_PROBLEM TO SOLVE_: Although the entries contain pictures, only their text goes into the copy, set down exactly.

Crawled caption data

◆ ◆ ◆ ◆ ◆ ◆ ◆

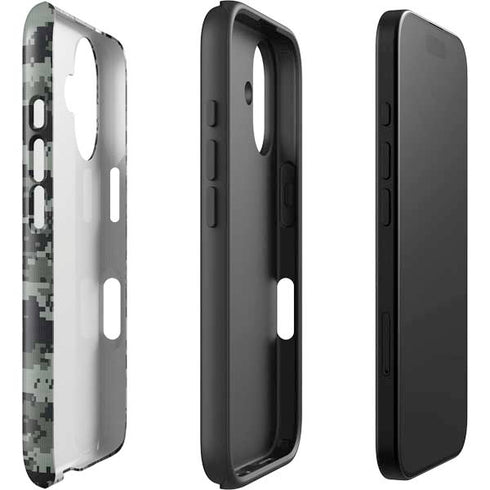 NHL Ottawa Senators Camo iPhone 16 Plus Impact Case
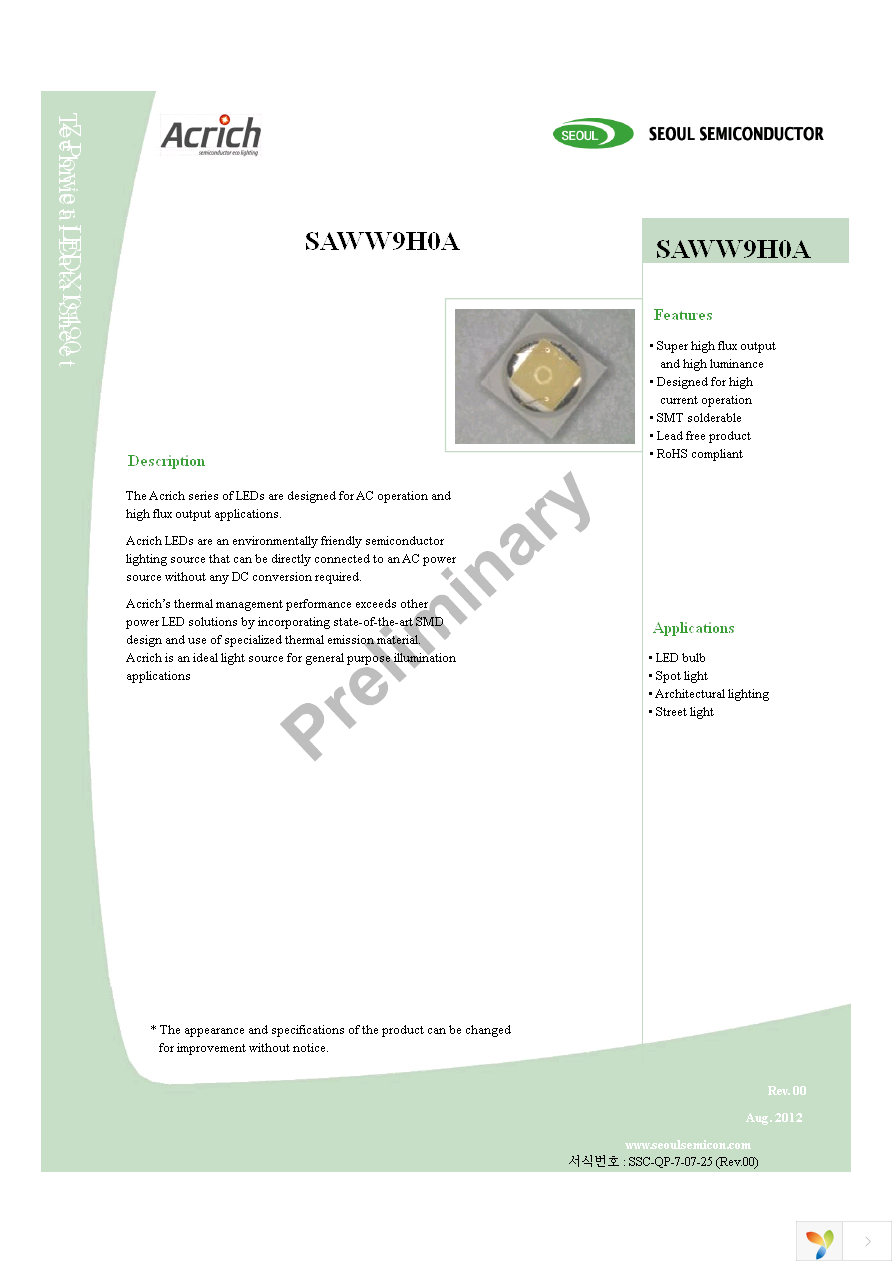 SAWW9H0A-U3V2-HA Page 2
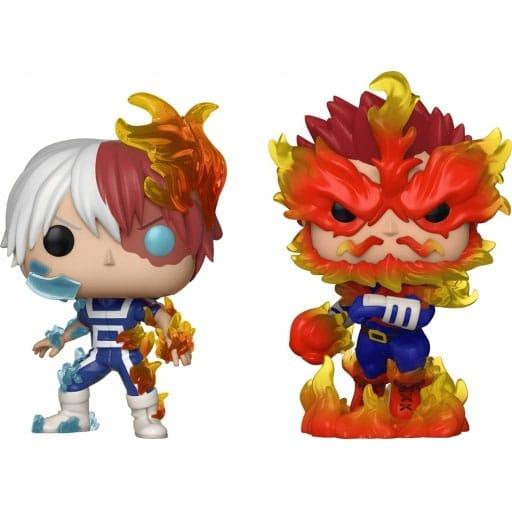 My Hero Academia POP! Vinyl Figuren 2er-Pack Endeavor & Todoroki 9 cm Funko POP! Yokina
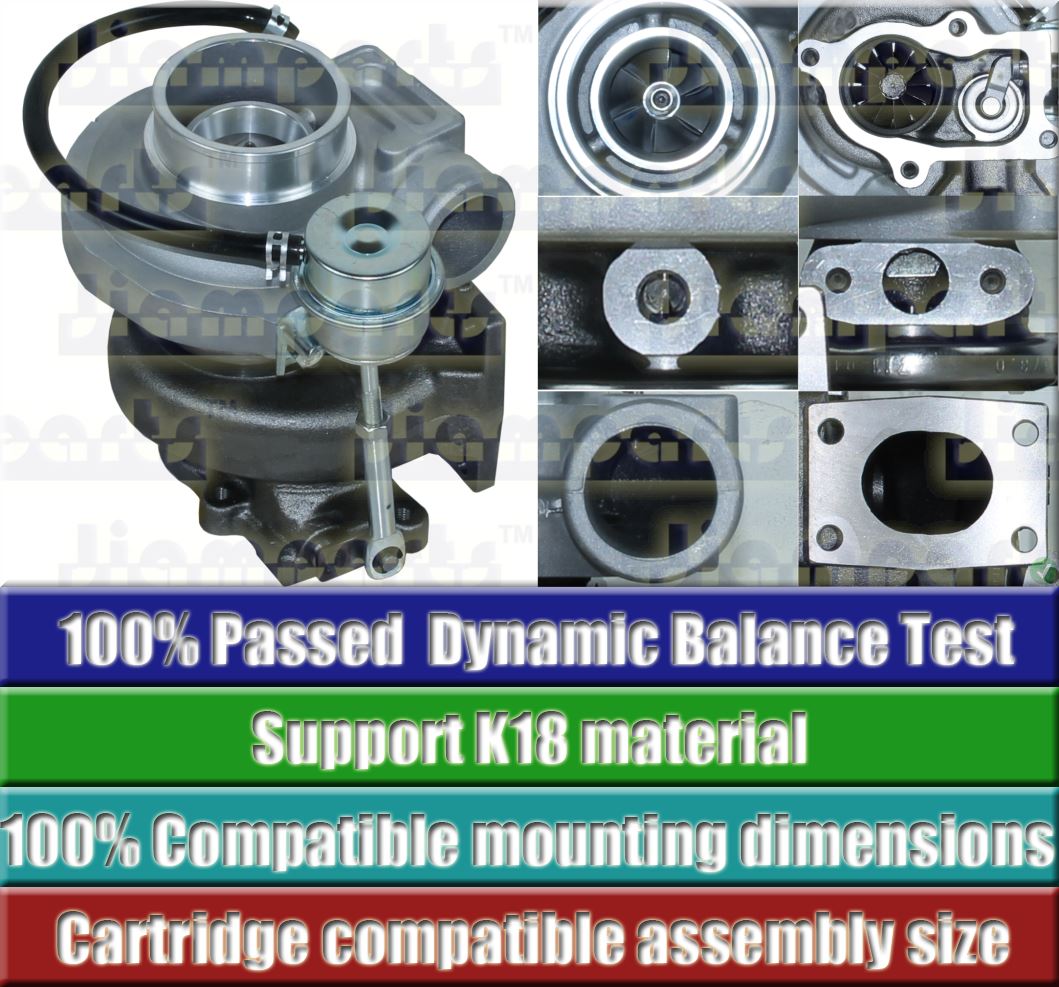 Description image:Turbocharger HX25W 3599350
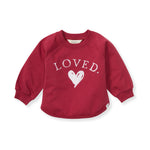 Load image into Gallery viewer, Loved Organic Cotton Sweatshirt
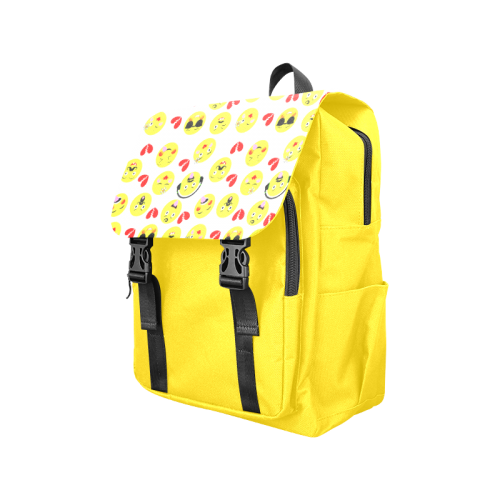 Emoji Fashion Cute Pattern Casual Shoulders Backpack (Model 1623)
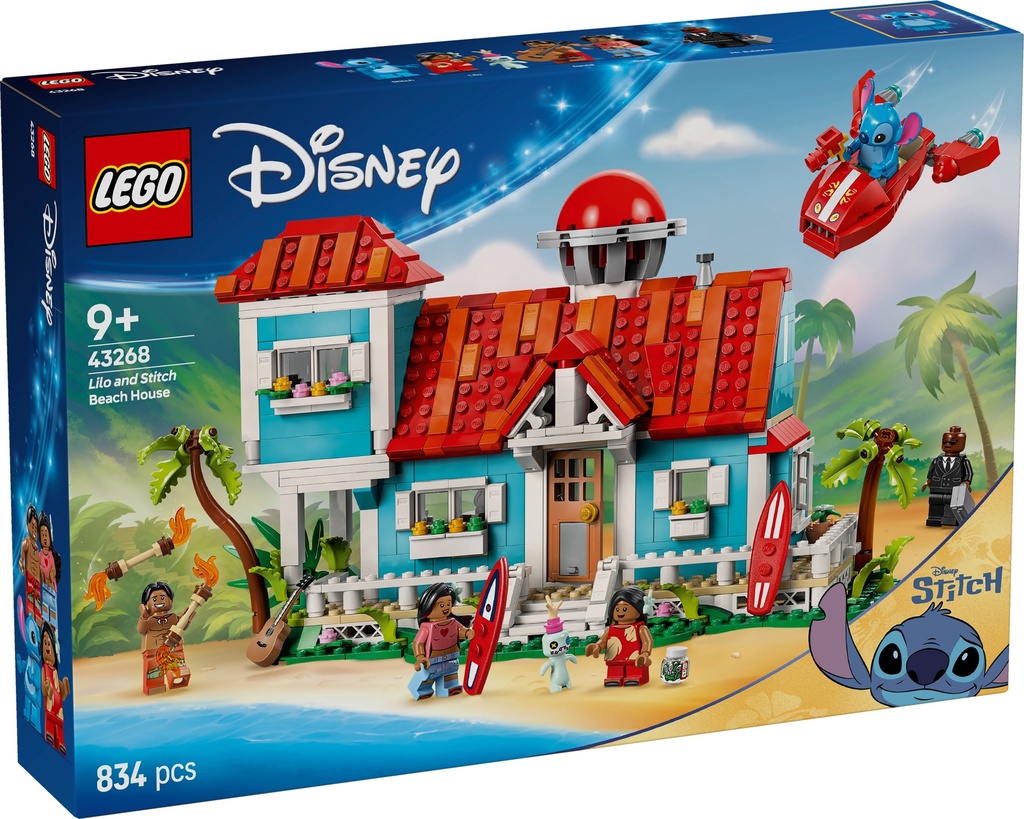 Disney Lilo und Stitches Strandhaus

◆ ◆ ◆ ◆ ◆ ◆ ◆

_COMPLETED EXERCISE_:
 NHL Ottawa Senators Camo iPhone 16 Plus Impact Case
 SAWW9H0A-U3V2-HA Page 2
 My Hero Academia POP! Vinyl Figuren 2er-Pack Endeavor & Todoroki 9 cm Funko POP! Yokina
 Description image:Turbocharger HX25W 3599350
 Load image into Gallery viewer, Loved Organic Cotton Sweatshirt
 Emoji Fashion Cute Pattern Casual Shoulders Backpack (Model 1623)
 Disney Lilo und Stitches Strandhaus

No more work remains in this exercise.